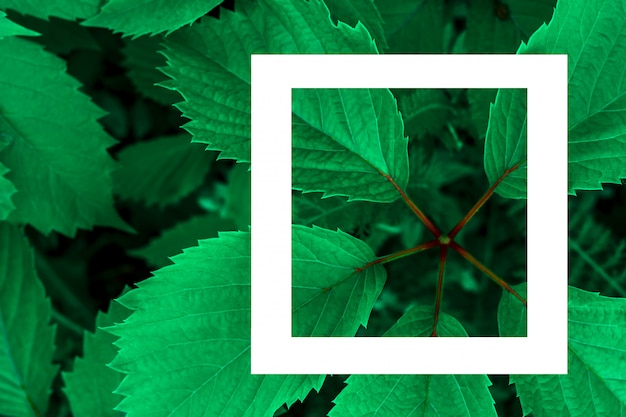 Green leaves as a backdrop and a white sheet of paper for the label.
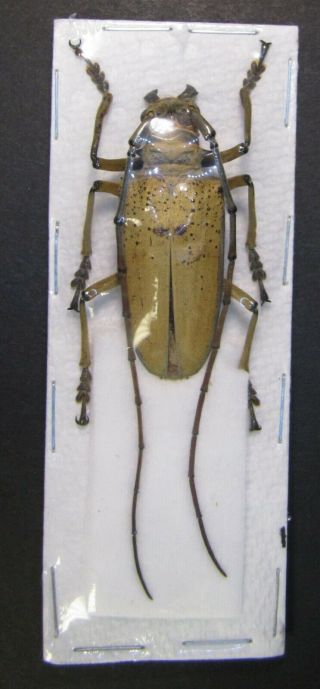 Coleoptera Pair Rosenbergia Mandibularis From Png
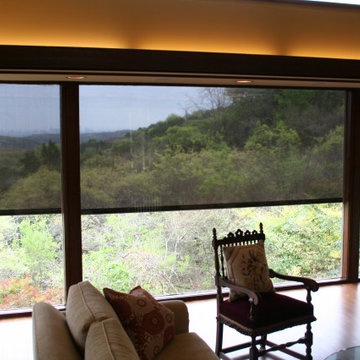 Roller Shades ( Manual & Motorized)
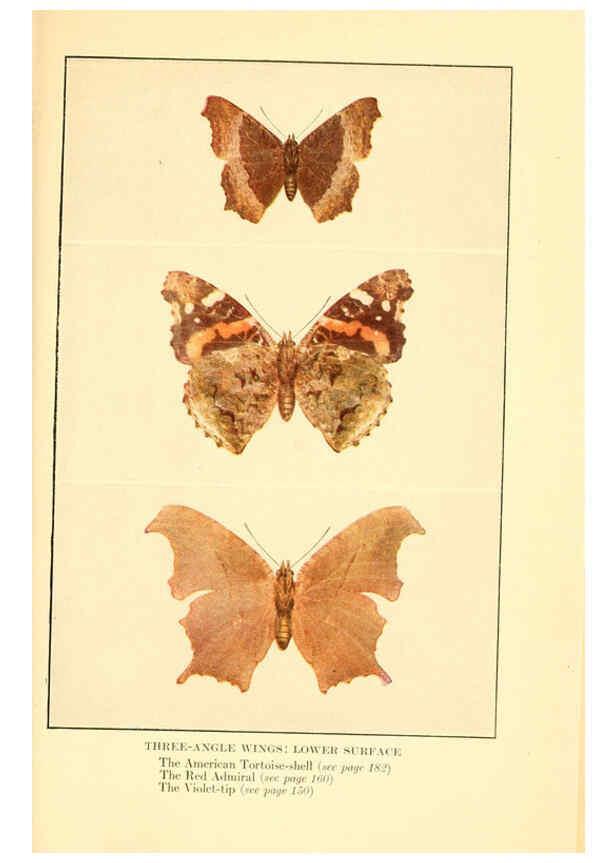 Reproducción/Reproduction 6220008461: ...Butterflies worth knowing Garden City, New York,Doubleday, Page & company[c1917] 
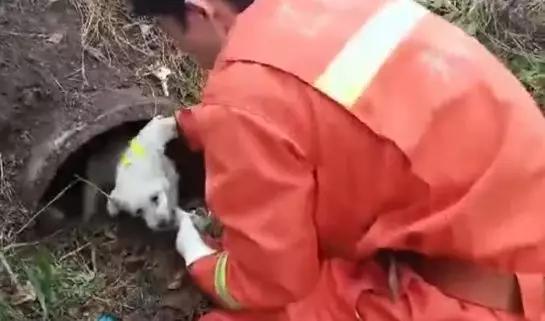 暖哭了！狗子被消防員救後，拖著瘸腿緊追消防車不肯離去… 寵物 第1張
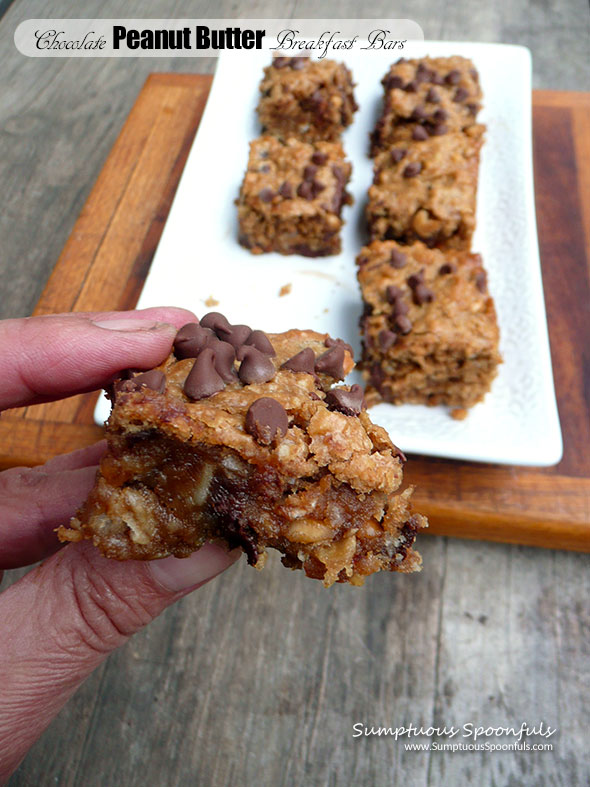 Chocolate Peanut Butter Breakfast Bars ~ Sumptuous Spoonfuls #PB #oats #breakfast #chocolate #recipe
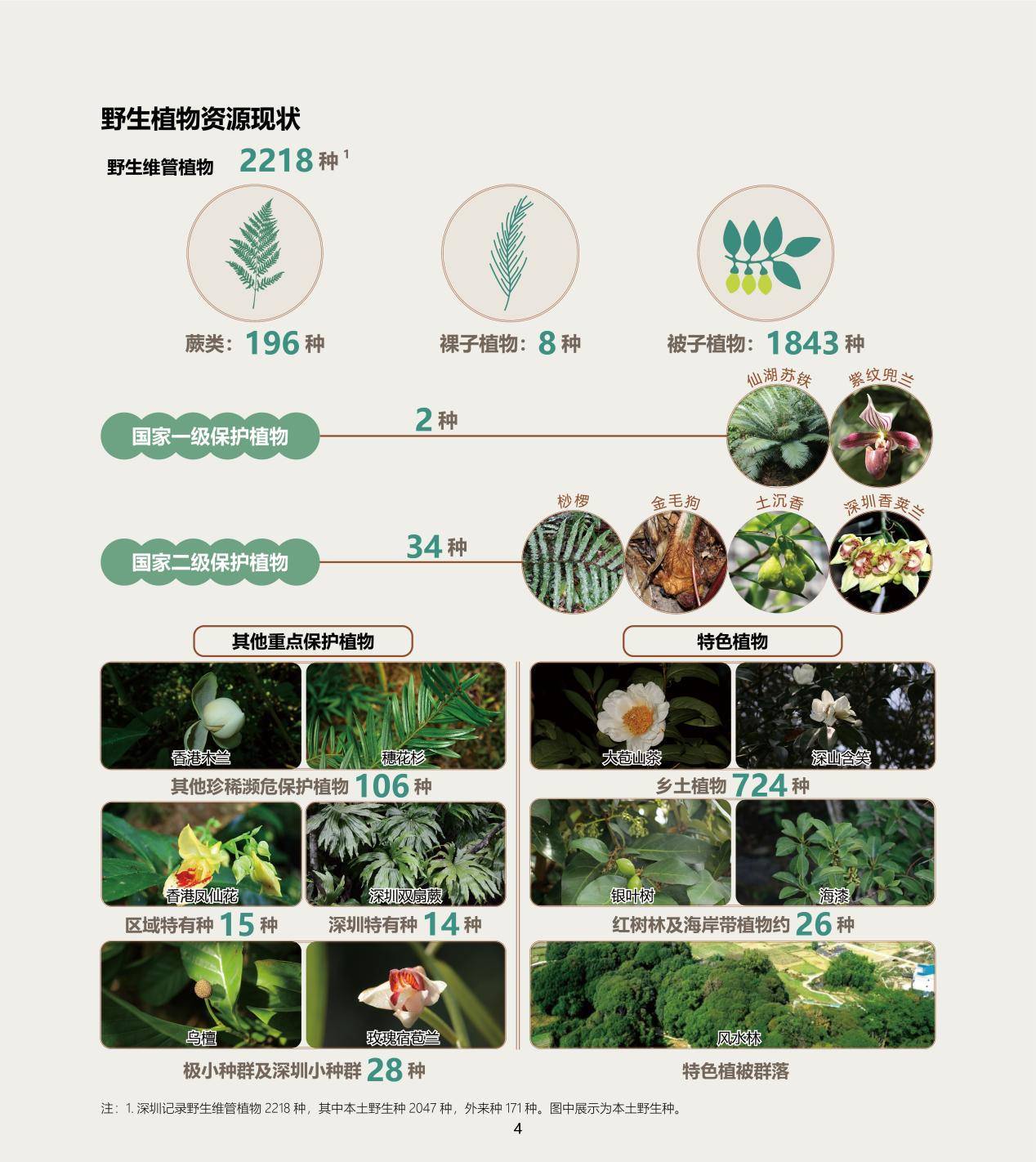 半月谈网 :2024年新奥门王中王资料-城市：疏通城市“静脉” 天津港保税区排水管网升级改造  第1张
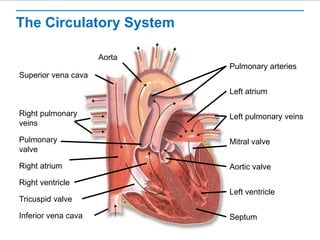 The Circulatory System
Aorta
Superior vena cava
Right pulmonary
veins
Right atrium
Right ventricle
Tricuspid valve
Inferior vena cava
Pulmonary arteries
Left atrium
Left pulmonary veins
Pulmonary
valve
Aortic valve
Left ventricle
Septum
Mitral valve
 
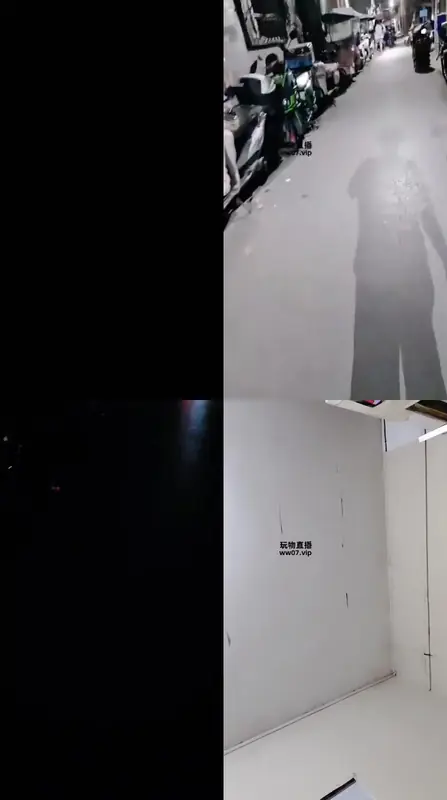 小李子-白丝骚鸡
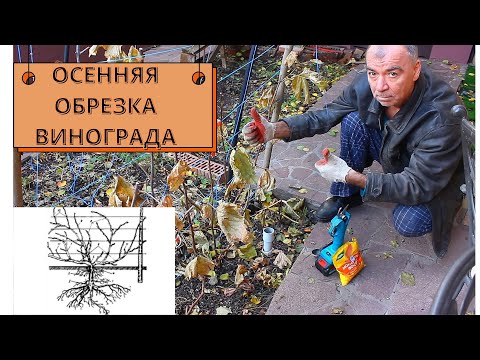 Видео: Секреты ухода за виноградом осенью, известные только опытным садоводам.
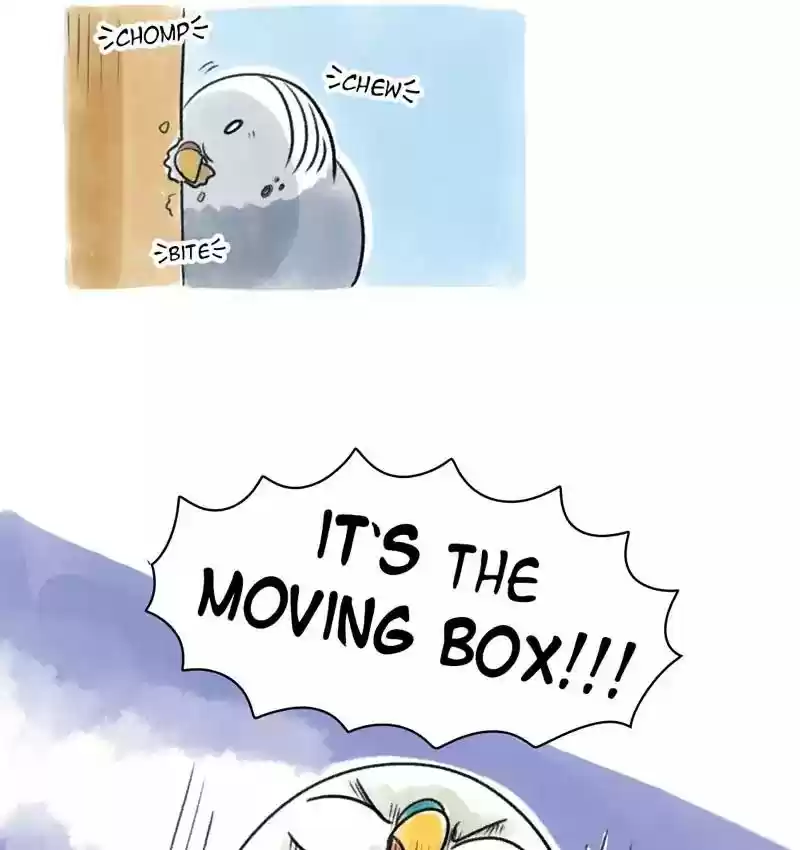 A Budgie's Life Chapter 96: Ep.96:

┄┄┄┄┄┄

> **Problem to solve**
Please return, exactly as written, the lines from the first line of the records above through the line containing "Chocolate Peanut Butter", both included, leaving out any pictures.

> **Completed exercise**
 Green leaves as a backdrop and a white sheet of paper for the label.
 Coleoptera Pair Rosenbergia Mandibularis From Png
 Roller Shades ( Manual & Motorized)
 Reproducción/Reproduction 6220008461: ...Butterflies worth knowing Garden City, New York,Doubleday, Page & company[c1917] 
 暖哭了！狗子被消防員救後，拖著瘸腿緊追消防車不肯離去… 寵物 第1張
 Chocolate Peanut Butter Breakfast Bars ~ Sumptuous Spoonfuls #PB #oats #breakfast #chocolate #recipe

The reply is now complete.